Older people ‘need alternatives’ to digital services as research shows one in four live offline
Charity calls for more service options as ONS data shows a significant proportion of over-65s do not use the internet
Many older people use the internet rarely or not at all, meaning that online-only public services are likely to exclude some of society’s most vulnerable.
Annual research by the Office for National Statistics released this month found that 24% of those aged 65 and above have not used the internet in the last three months. Just 61% use it daily or almost every day, compared with 99% of those aged 16 to 44, according to data from telephone surveys of 3,076 people in Great Britain carried out between January and April 2019.
The research also found that a quarter of older people living alone are offline. Overall, 93% of households have an internet connection, but this falls to 73% for households consisting of one person aged at least 65. The gap was smaller for households of two adults with at least one aged 65 and above, with 89% connected.

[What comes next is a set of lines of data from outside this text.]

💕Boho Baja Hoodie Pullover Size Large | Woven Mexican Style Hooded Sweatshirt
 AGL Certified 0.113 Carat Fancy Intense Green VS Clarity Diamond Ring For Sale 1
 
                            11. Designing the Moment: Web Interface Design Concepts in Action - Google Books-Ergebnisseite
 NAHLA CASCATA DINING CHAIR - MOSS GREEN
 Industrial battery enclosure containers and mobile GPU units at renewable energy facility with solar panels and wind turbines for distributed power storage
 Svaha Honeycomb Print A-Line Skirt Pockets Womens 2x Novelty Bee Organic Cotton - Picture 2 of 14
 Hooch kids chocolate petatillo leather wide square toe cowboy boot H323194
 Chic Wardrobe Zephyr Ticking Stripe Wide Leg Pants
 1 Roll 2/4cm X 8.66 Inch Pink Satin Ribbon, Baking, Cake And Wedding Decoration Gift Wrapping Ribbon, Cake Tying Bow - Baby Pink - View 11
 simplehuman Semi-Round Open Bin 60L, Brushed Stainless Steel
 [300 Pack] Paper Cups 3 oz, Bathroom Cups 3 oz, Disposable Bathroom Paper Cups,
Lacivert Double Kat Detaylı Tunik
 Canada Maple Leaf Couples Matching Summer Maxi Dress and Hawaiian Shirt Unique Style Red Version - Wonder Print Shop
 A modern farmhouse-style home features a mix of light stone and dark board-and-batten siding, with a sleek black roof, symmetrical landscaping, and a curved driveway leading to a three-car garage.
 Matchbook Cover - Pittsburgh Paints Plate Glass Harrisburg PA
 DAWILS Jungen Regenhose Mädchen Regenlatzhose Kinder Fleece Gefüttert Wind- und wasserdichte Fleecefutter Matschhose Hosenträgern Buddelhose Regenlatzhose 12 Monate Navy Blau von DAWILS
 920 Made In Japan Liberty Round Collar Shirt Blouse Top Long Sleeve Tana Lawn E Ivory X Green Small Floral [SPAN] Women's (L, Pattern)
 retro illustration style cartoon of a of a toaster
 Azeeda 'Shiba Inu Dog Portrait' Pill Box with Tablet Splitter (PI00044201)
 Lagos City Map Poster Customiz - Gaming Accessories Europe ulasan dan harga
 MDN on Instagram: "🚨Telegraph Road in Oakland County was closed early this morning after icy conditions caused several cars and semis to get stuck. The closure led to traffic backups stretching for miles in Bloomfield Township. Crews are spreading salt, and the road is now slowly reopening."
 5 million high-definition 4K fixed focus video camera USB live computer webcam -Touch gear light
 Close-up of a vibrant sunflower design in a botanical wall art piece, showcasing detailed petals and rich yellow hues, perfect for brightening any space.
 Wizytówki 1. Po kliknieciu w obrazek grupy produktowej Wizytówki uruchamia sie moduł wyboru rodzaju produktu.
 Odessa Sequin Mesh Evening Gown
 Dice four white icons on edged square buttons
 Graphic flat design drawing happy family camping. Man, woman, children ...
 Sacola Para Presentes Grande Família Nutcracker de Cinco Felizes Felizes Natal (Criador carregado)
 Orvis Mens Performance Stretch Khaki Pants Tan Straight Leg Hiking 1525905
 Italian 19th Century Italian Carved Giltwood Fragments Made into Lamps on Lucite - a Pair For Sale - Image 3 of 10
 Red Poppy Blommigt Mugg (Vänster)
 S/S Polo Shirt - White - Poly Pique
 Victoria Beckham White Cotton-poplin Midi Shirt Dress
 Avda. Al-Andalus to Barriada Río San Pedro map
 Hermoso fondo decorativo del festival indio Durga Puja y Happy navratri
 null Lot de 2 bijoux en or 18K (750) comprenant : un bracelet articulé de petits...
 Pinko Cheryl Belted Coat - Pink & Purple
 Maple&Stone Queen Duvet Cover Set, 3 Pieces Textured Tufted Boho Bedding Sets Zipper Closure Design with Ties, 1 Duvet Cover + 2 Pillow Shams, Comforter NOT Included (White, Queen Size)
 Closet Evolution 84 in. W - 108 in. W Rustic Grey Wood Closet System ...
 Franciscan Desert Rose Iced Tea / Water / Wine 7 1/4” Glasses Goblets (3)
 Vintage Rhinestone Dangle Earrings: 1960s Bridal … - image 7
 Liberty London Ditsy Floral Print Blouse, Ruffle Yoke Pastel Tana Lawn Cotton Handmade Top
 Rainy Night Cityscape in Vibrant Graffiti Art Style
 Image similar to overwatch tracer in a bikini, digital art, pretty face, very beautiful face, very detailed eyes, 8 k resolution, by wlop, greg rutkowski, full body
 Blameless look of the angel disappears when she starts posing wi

The majority of women aged 75 and older live offline, according to separate ONS research released in May and based on research with 41,000 households carried out between January and March this year. It found that just 41% of women in this age group had used the internet in the last three months, compared with 54% of men.
“We feel that public services need to offer a suitable alternative [to online channels], which might be a paper form, telephone or face to face, looking at the population and preferences within the client group,” said Sally West, policy manager at charity Age UK.
But research with 100 English local authorities last year found this was often not the case, with 41 telling the charity that housing benefit and council tax reductions could only be claimed online. The majority offered some assistance, but 14 did not.
West said that training and support can help get older people online. But she added that while it is relatively easy to explain how to stay in touch with family online, interacting with the public sector often requires more complex skills such as awareness of online fraud and knowing how to protect personal data.
“It’s not just a case of going to a couple of classes,” she said.
The new ONS research found that older people were less likely to interact with public authorities online than younger age groups, with just 34% of those aged at least 65 having submitted a completed form to a public authority in the last year, compared with 49% of all adults. There were similar gaps on downloading forms and gathering information from websites.
The research also found that email is the most popular internet activity among those aged 65 and above, with 67% having sent or received messages in the last three months. However, West said that while email is useful for basic enquiries and receiving notifications from public services, it is often suitable for the likes of benefit claims, due to its insecurity.
People with disabilities were also less likely than average to use the internet and use online public services, but the gaps were smaller than those for older people. Of those with a health condition or illness meeting the Equality Act’s definition of disability, 80% had used the internet daily or almost daily and 13% had not in the last three months, compared with 87% and 7% of all adults.
On use of public services, 46% of those defined as disabled had submitted completed forms in the last year, just three percentage points less than the average.